— AIM OF THE TASK —
Repeat the records. Each line must match exactly.

(Beginning of RECORDED DATA)

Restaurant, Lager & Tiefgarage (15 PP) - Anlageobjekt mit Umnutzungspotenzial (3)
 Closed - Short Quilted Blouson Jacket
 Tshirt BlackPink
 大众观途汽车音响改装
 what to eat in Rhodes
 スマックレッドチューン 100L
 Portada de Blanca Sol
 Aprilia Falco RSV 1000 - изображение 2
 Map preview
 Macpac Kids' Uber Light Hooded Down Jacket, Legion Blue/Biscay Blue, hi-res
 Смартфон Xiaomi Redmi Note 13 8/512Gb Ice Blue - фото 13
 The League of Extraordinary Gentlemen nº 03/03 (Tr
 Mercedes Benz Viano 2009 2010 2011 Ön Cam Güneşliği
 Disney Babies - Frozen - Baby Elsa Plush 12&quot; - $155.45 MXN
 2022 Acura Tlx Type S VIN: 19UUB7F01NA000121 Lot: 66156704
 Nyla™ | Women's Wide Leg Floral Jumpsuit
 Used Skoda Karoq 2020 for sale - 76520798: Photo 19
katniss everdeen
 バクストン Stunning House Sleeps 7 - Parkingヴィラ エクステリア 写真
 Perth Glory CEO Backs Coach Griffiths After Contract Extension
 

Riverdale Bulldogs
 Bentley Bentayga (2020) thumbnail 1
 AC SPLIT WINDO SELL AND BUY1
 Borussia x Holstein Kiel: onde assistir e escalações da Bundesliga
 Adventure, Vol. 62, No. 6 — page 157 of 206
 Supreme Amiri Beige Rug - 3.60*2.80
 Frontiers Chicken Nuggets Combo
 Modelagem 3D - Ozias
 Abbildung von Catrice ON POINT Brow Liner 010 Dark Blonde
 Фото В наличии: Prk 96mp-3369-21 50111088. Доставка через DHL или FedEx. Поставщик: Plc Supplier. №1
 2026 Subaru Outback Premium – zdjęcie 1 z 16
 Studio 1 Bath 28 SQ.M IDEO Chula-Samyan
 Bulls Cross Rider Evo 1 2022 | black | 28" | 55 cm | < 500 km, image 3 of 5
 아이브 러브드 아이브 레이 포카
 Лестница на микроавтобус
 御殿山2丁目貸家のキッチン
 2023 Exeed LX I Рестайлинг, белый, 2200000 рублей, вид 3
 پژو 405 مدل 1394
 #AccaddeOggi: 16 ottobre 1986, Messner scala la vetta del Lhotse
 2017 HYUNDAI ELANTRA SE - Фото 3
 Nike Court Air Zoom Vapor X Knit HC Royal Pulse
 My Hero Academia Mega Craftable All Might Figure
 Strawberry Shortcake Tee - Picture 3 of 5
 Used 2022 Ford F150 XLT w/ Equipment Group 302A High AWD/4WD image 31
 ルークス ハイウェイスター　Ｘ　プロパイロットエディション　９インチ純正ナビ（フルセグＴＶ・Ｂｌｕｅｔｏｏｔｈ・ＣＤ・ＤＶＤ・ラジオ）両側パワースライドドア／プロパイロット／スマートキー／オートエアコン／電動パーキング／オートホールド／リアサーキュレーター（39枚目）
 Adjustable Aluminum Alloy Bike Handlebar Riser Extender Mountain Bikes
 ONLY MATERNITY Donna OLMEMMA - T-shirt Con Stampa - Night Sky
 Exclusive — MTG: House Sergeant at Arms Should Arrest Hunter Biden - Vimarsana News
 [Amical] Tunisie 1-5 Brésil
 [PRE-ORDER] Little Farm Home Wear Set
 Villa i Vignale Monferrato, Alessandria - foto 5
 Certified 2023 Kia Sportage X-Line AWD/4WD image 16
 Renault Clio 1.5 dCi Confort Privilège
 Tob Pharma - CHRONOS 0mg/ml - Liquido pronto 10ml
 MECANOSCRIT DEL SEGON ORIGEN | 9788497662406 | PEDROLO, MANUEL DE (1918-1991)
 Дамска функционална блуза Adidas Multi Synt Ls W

(End of RECORDED DATA)

— WRITTEN ANSWER —
Restaurant, Lager & Tiefgarage (15 PP) - Anlageobjekt mit Umnutzungspotenzial (3)
 Closed - Short Quilted Blouson Jacket
 Tshirt BlackPink
 大众观途汽车音响改装
 what to eat in Rhodes
 スマックレッドチューン 100L
 Portada de Blanca Sol
 Aprilia Falco RSV 1000 - изображение 2
 Map preview
 Macpac Kids' Uber Light Hooded Down Jacket, Legion Blue/Biscay Blue, hi-res
 Смартфон Xiaomi Redmi Note 13 8/512Gb Ice Blue - фото 13
 The League of Extraordinary Gentlemen nº 03/03 (Tr
 Mercedes Benz Viano 2009 2010 2011 Ön Cam Güneşliği
 Disney Babies - Frozen - Baby Elsa Plush 12&quot; - $155.45 MXN
 2022 Acura Tlx Type S VIN: 19UUB7F01NA000121 Lot: 66156704
 Nyla™ | Women's Wide Leg Floral Jumpsuit
 Used Skoda Karoq 2020 for sale - 76520798: Photo 19
katniss everdeen
 バクストン Stunning House Sleeps 7 - Parkingヴィラ エクステリア 写真
 Perth Glory CEO Backs Coach Griffiths After Contract Extension
 

Riverdale Bulldogs
 Bentley Bentayga (2020) thumbnail 1
 AC SPLIT WINDO SELL AND BUY1
 Borussia x Holstein Kiel: onde assistir e escalações da Bundesliga
 Adventure, Vol. 62, No. 6 — page 157 of 206
 Supreme Amiri Beige Rug - 3.60*2.80
 Frontiers Chicken Nuggets Combo
 Modelagem 3D - Ozias
 Abbildung von Catrice ON POINT Brow Liner 010 Dark Blonde
 Фото В наличии: Prk 96mp-3369-21 50111088. Доставка через DHL или FedEx. Поставщик: Plc Supplier. №1
 2026 Subaru Outback Premium – zdjęcie 1 z 16
 Studio 1 Bath 28 SQ.M IDEO Chula-Samyan
 Bulls Cross Rider Evo 1 2022 | black | 28" | 55 cm | < 500 km, image 3 of 5
 아이브 러브드 아이브 레이 포카
 Лестница на микроавтобус
 御殿山2丁目貸家のキッチン
 2023 Exeed LX I Рестайлинг, белый, 2200000 рублей, вид 3
 پژو 405 مدل 1394
 #AccaddeOggi: 16 ottobre 1986, Messner scala la vetta del Lhotse
 2017 HYUNDAI ELANTRA SE - Фото 3
 Nike Court Air Zoom Vapor X Knit HC Royal Pulse
 My Hero Academia Mega Craftable All Might Figure
 Strawberry Shortcake Tee - Picture 3 of 5
 Used 2022 Ford F150 XLT w/ Equipment Group 302A High AWD/4WD image 31
 ルークス ハイウェイスター　Ｘ　プロパイロットエディション　９インチ純正ナビ（フルセグＴＶ・Ｂｌｕｅｔｏｏｔｈ・ＣＤ・ＤＶＤ・ラジオ）両側パワースライドドア／プロパイロット／スマートキー／オートエアコン／電動パーキング／オートホールド／リアサーキュレーター（39枚目）
 Adjustable Aluminum Alloy Bike Handlebar Riser Extender Mountain Bikes
 ONLY MATERNITY Donna OLMEMMA - T-shirt Con Stampa - Night Sky
 Exclusive — MTG: House Sergeant at Arms Should Arrest Hunter Biden - Vimarsana News
 [Amical] Tunisie 1-5 Brésil
 [PRE-ORDER] Little Farm Home Wear Set
 Villa i Vignale Monferrato, Alessandria - foto 5
 Certified 2023 Kia Sportage X-Line AWD/4WD image 16
 Renault Clio 1.5 dCi Confort Privilège
 Tob Pharma - CHRONOS 0mg/ml - Liquido pronto 10ml
 MECANOSCRIT DEL SEGON ORIGEN | 9788497662406 | PEDROLO, MANUEL DE (1918-1991)
 Дамска функционална блуза Adidas Multi Synt Ls W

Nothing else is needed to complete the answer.